Tolentino’s first essay, “The I in the Internet,” examines the role of the internet in identity formation and social media’s false ideal of action-making. She references sociologist Erving Goffman’s theory of social engagement, and although I was unfamiliar with sociologists, his theories made complete sense. In The Presentation of Self in Everyday Life, Goffman likens all social engagements to a type of dramaturgical performance. In the theatre of public life, we are constantly taking the stage, performing an act that involves an audience, the cast of actors alongside us, and the setting of the show. We curate a performance that we hope will shape the audience’s impression of us. Every social situation necessitates negotiations between the actors and audiences presenting and gathering impressions, making meaning from a delusion of reality. A performance is only as real as it is perceived by the audience, and there is always some layer of conscious awareness of this performance by the actors and the audience. 
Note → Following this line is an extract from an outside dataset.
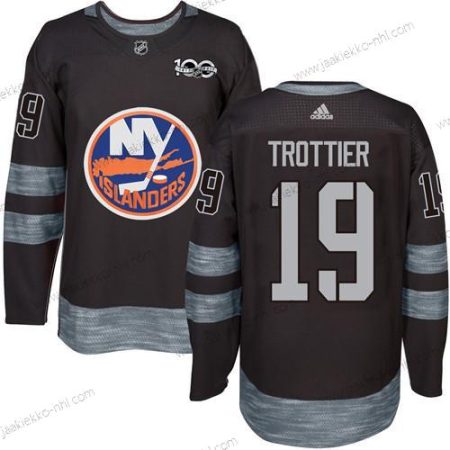 Adidas Miesten New York Islanders #19 Bryan Trottier Musta 1917-2017 100th Vuosipäivä Ommeltu NHL Paita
In Goffman’s social world, there exists an “off-stage” realm of life where the performance ceases. A curtain closes and behind it we no longer need to attempt to curate our identities before an audience. Whether it is alone in our home or with a close family member, friend, or partner, our real lives provide us with moments where we can perhaps “be ourselves,” hidden from an outside gaze and freed from the pressure of presentation. This might seem obvious. We all act differently around different people. I think the ability to assume a performance identity that fits with one’s surroundings demonstrates a level of social intelligence. Someone who spoke to their boss the same way they spoke to their best friend of several years would mostly make everyone in the office uncomfortable. I don’t see myself as the same Colleen when I’m around my family versus when I’m in class, when I’m at work versus when I’m around my roommates. 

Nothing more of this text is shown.